Subject: Re: [PATCH] kdump: Fix for boot problems on SMP

On Thursday 18 November 2004 23:08, Hariprasad Nellitheertha wrote:

> There was a buggy (and unnecessary) reserve_bootmem call in the kdump
> call which was causing hangs during early on some SMP machines. The
> attached patch removes that.

Thanks! I also had the same problem.

BTW, If the first kernel enabled CONFIG_DISCONTIGMEM, the second kernel could
not boot. since crash_reserve_bootmem() never called anywhere.

--- 2.6-mm/arch/i386/mm/discontig.c.orig 2004-11-20 00:14:42.000000000 +0900
+++ 2.6-mm/arch/i386/mm/discontig.c 2004-11-20 00:39:38.000000000 +0900
@@ -32,6 +32,7 @@
#include <asm/e820.h>
#include <asm/setup.h>
#include <asm/mmzone.h>
+#include <asm/crash_dump.h>
#include <bios_ebda.h>

struct pglist_data *node_data[MAX_NUMNODES];
@@ -363,6 +364,9 @@ unsigned long __init setup_memory(void)
}
}
#endif
+
+ crash_reserve_bootmem();
+
return system_max_low_pfn;
}

2004-11-19 23:31:32

by Andrew Morton

[permalink] [raw]

Subject: Re: [PATCH] kdump: Fix for boot problems on SMP

Akinobu Mita <[email protected]> wrote:
>
> On Thursday 18 November 2004 23:08, Hariprasad Nellitheertha wrote:
>
> > There was a buggy (and unnecessary) reserve_bootmem call in the kdump
> > call which was causing hangs during early on some SMP machines. The
> > attached patch removes that.
>
> Thanks! I also had the same problem.

So.. How is the crashdump code working now? I haven't heard from anyone
who is using it and I haven't gotten onto testing it myself.

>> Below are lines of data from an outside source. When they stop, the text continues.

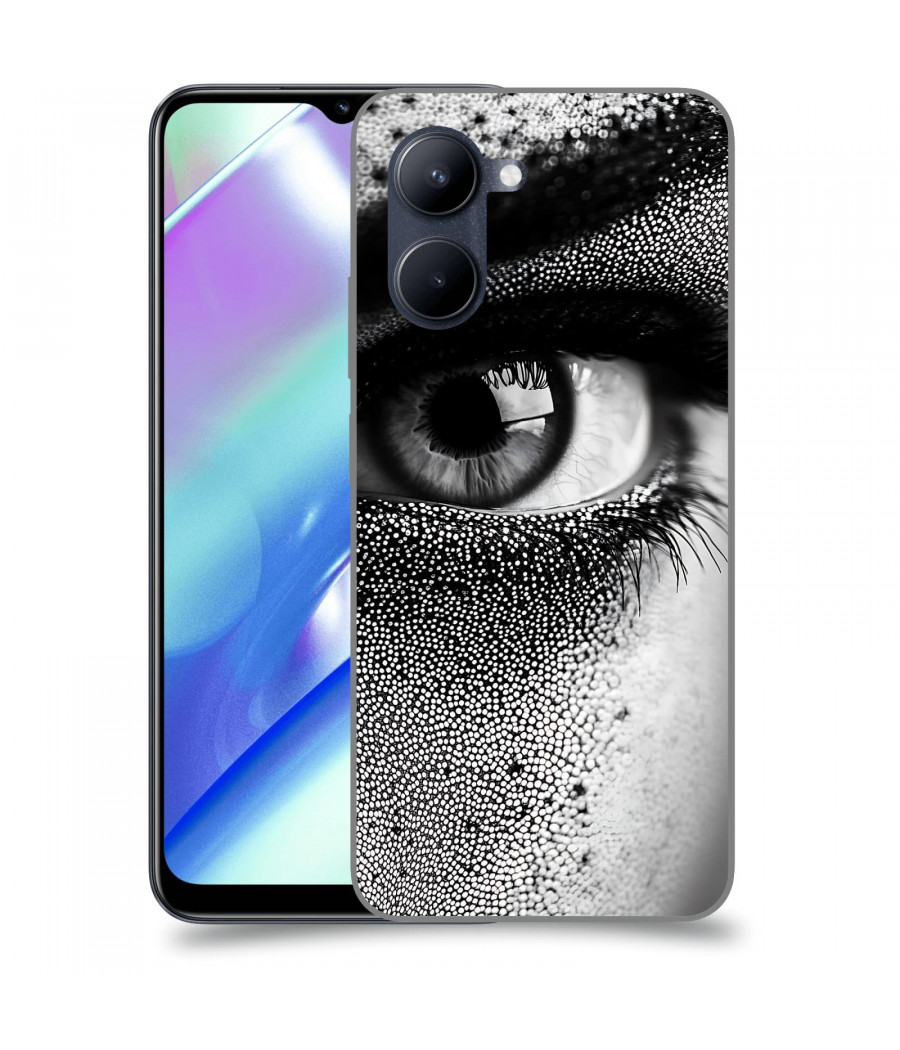 ACOVER Kryt na mobil Realme...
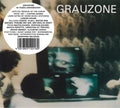 Grauzone (40 Years Anniversary Edition) Music CD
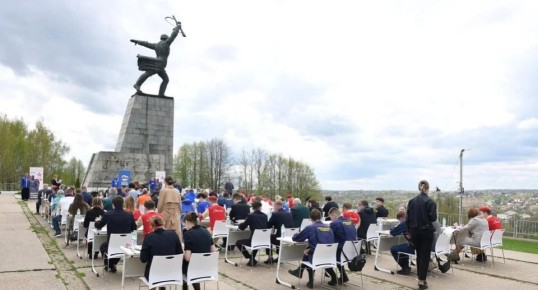 ������ ������ ��������� �������� ������ � ������� ��������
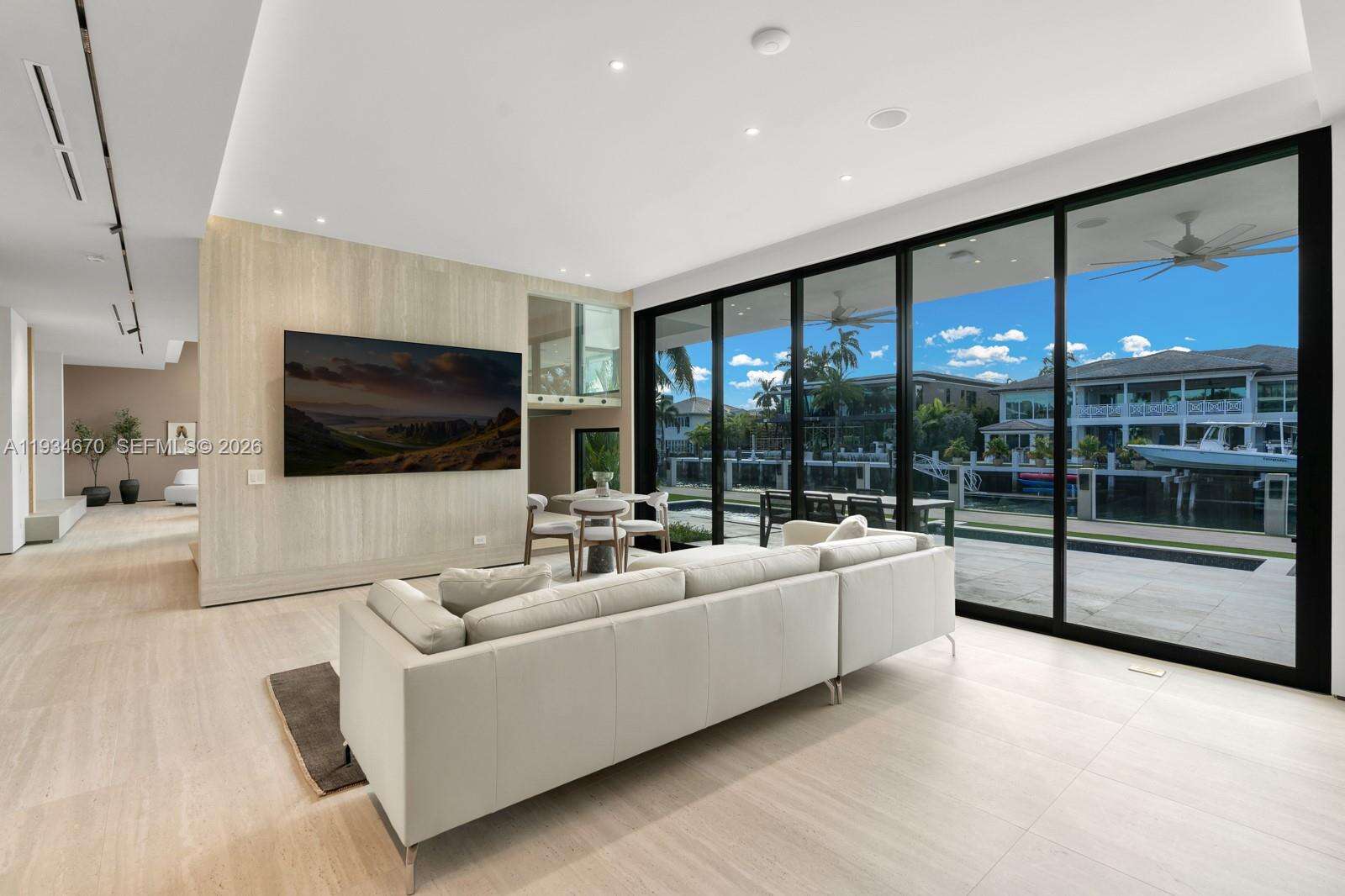 641 Flamingo Dr, Fort Lauderdale, FL 33301 | Picture 21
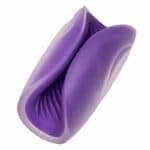 Calex Spiral Grip Masturbator Fleshlights | SEX Shop Ireland 13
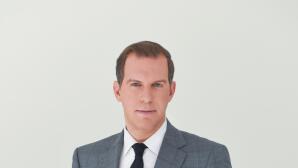 Το Μεσημεριανό Δελτίο Στο Star Στη 13:00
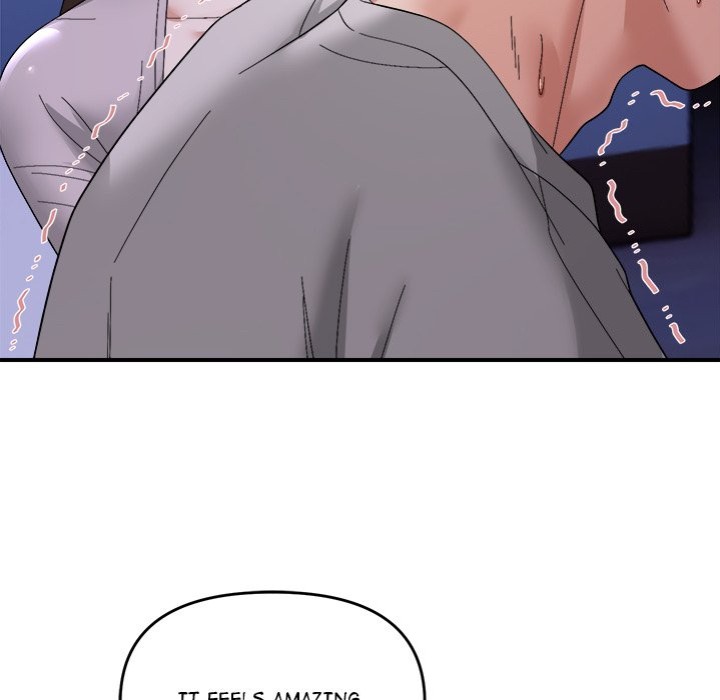 Come to My Place Chapter 8 - Page 83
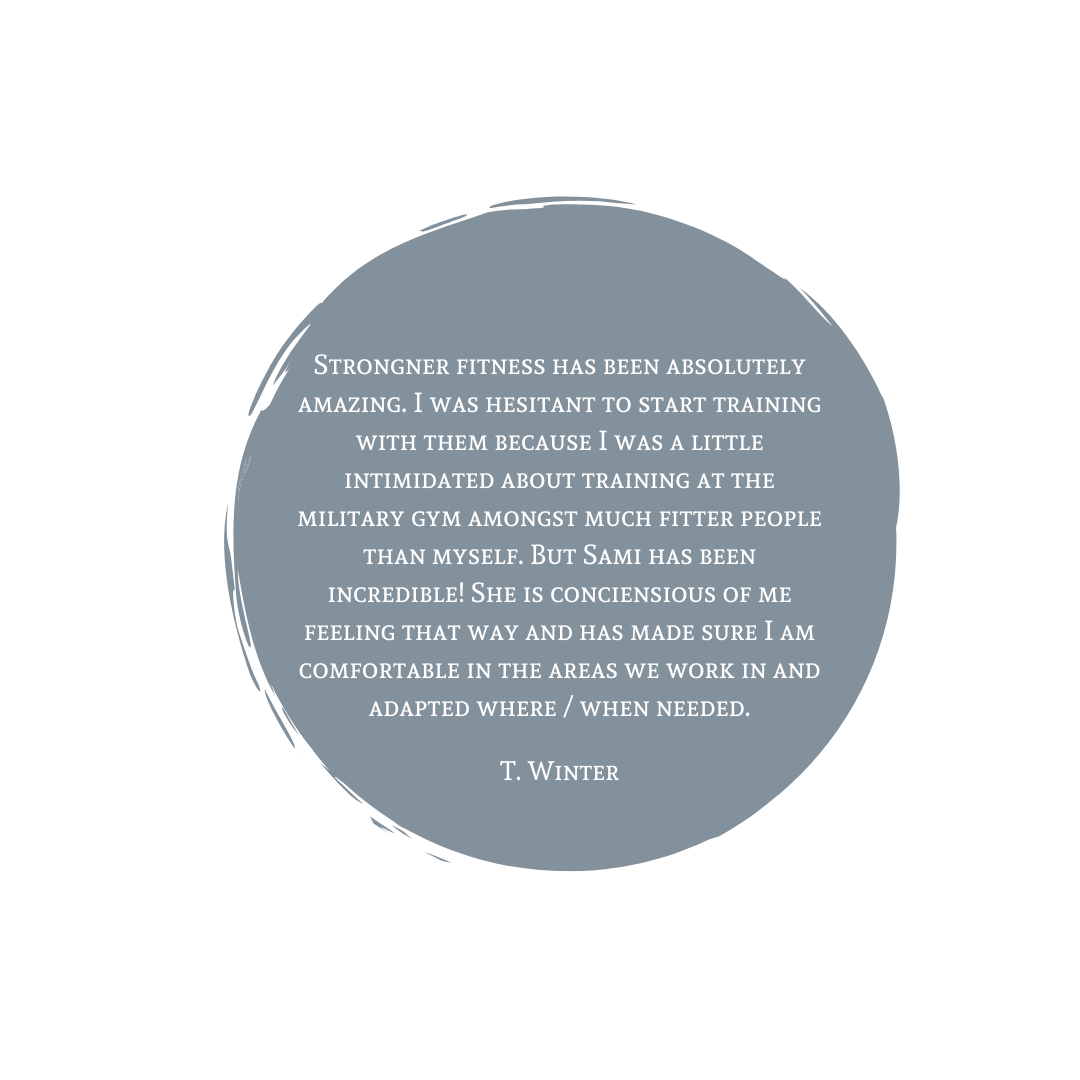 Copy of Copy of Copy of  testimonials 3 (6).png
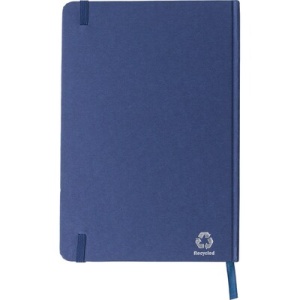AX™ Notebook A5 - Img 11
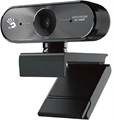 Веб-камера;;A4Tech;Bloody;GK30 124968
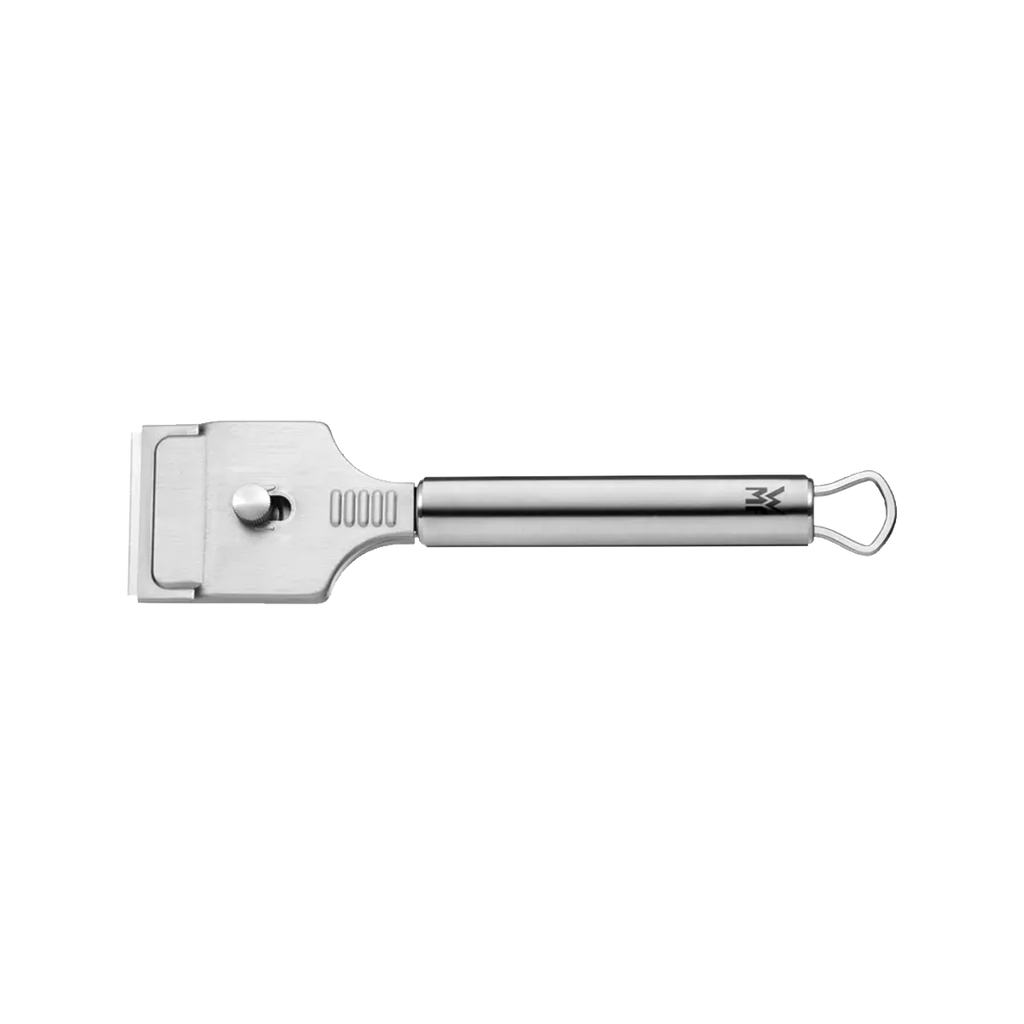 WMF Profi Plus Glaskeramikfeld Schaber 19,5cm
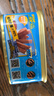 世棒（SPAM）午餐肉罐头清淡198g*2罐 早餐火锅烧烤香锅 泡面伴侣户外露营即食 实拍图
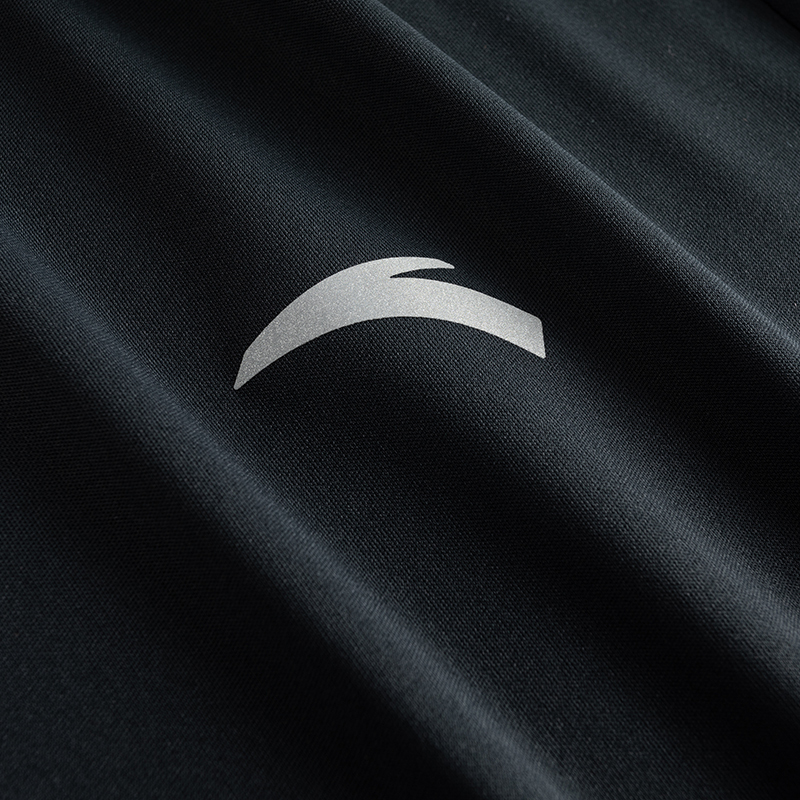 ANTA Sports Set Men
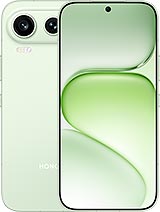 Honor 600 Pro (China) (Honor)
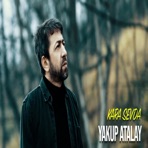 Kara Sevda - Single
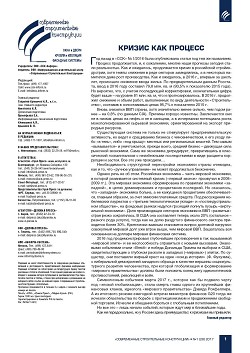 ������ ��� �������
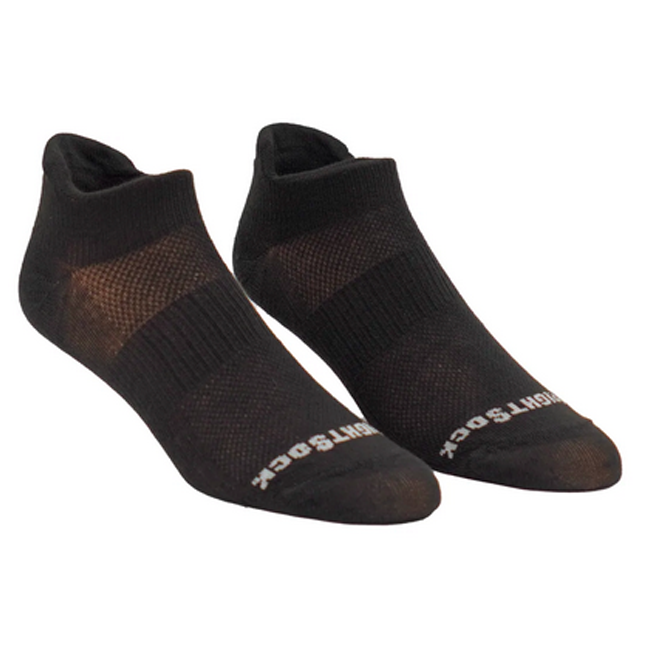 WrightSock Coolmesh II Tab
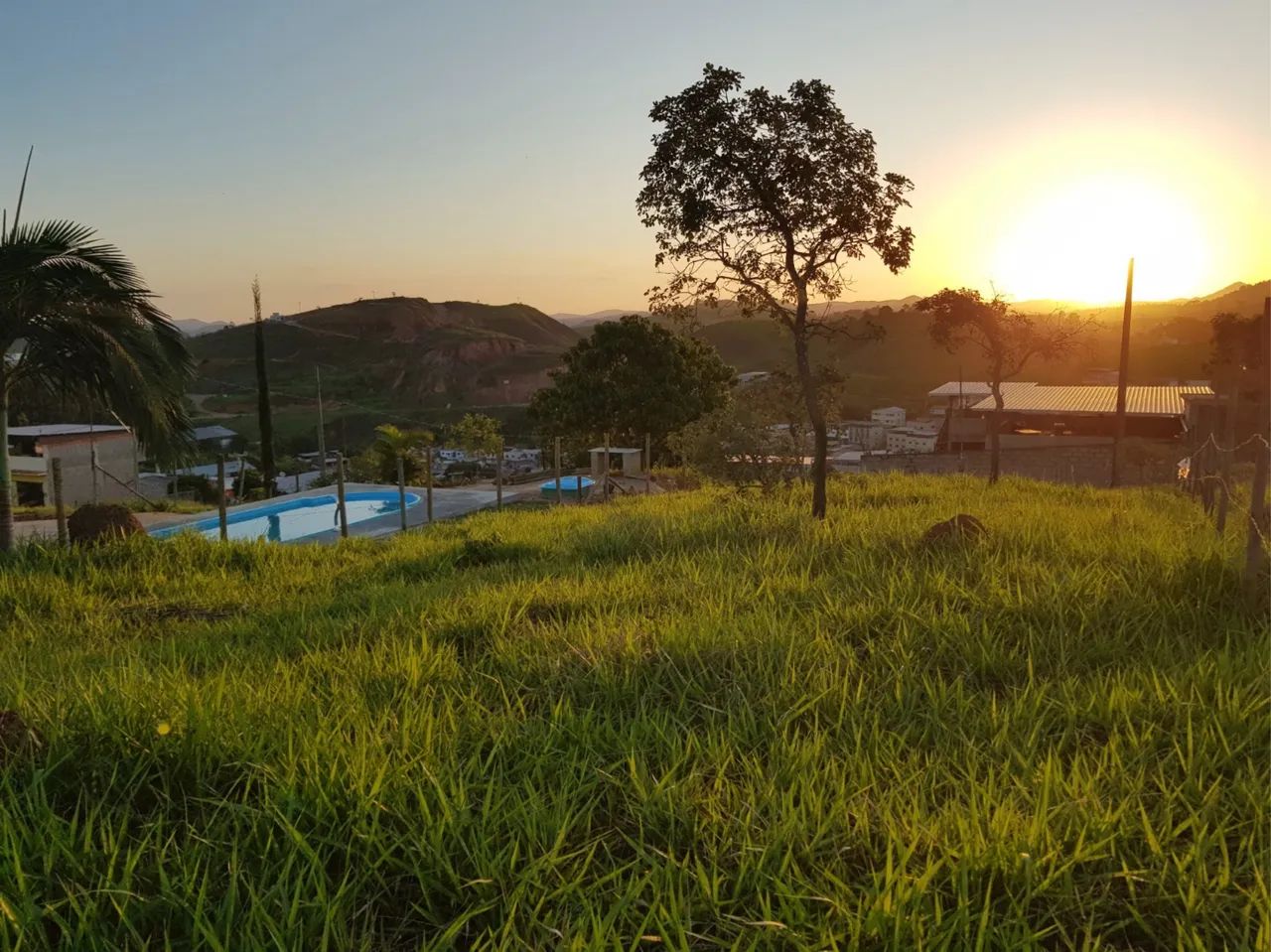 Vendo excelente Terreno - Foto 4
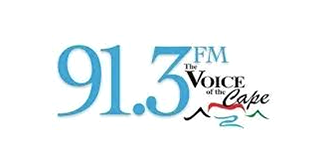 The Voice Of Cape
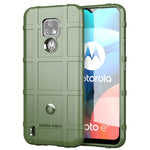 Custodia TPU a copertura totale per Samsung Galaxy A32 5G
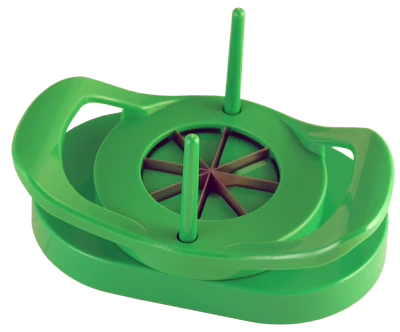 iMix® Citrus Slicer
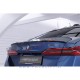 Spojler za prtljažnik za barvanje BMW 5 Limuzina G60 23-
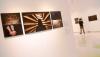 Pameran Foto Pemenang World Press Photo 2021 di Erasmus Huis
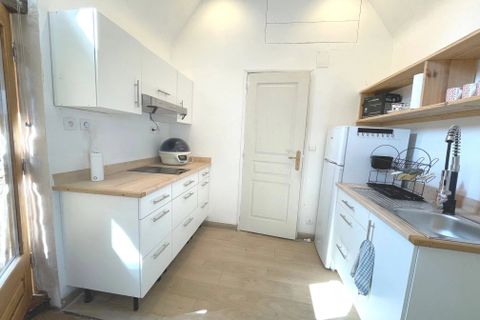 Villa i Excideuil, Dordogne, Excideuil - € 299.600 | Ref: BVI85590 - foto 11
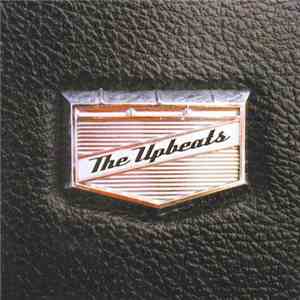 The Upbeats - The Upbeats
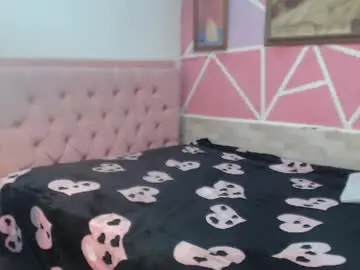 Chaturbate Live Porn of doll_rihana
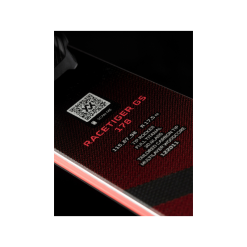 VOLKL Skis RACETIGER GS + Fixations RMOTION3 12 GW BLK/RED -Promos Skis Boutique volkl racetiger gsrmotion3 12 gw blk red skisfix 2023 4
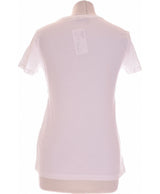 386382 Tops et t-shirts ASOS Occasion Vêtement occasion seconde main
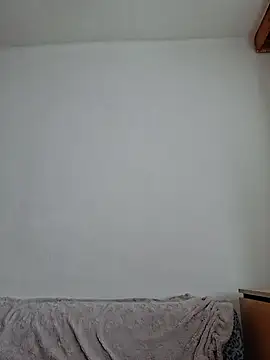 Nika_aa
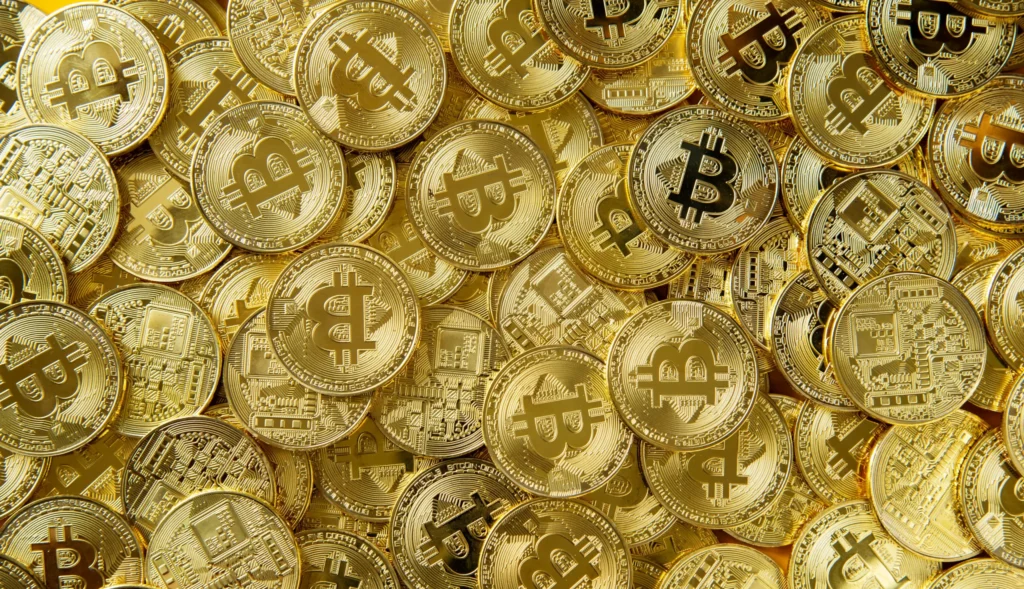 Digital Assets, Blockchain, and Web3 Integration, The Dawn of a New Economic Language 5 Digital Assets, Blockchain, and Web3 Integration: The Dawn of a New Economic Language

Do we have any feeling for its success rate on various machines, and on its
ease of use?

2004-11-19 23:49:53

[permalink] [raw]

Subject: Re: [PATCH] kdump: Fix for boot problems on SMP

Hi Andrew,

I haven't tested it yet on any of my machines (due to the hang).
I am about to give it a try. But my understanding (please update
me if I am wrong) is,

1) DISCONTIG_MEM support is not working yet - so i can't use any
of my NUMA boxes.

2) AMD64 is not supported - i can't use my Opteron machine.

3) ppc is not supported - i can't use Power3 and Power4 machines.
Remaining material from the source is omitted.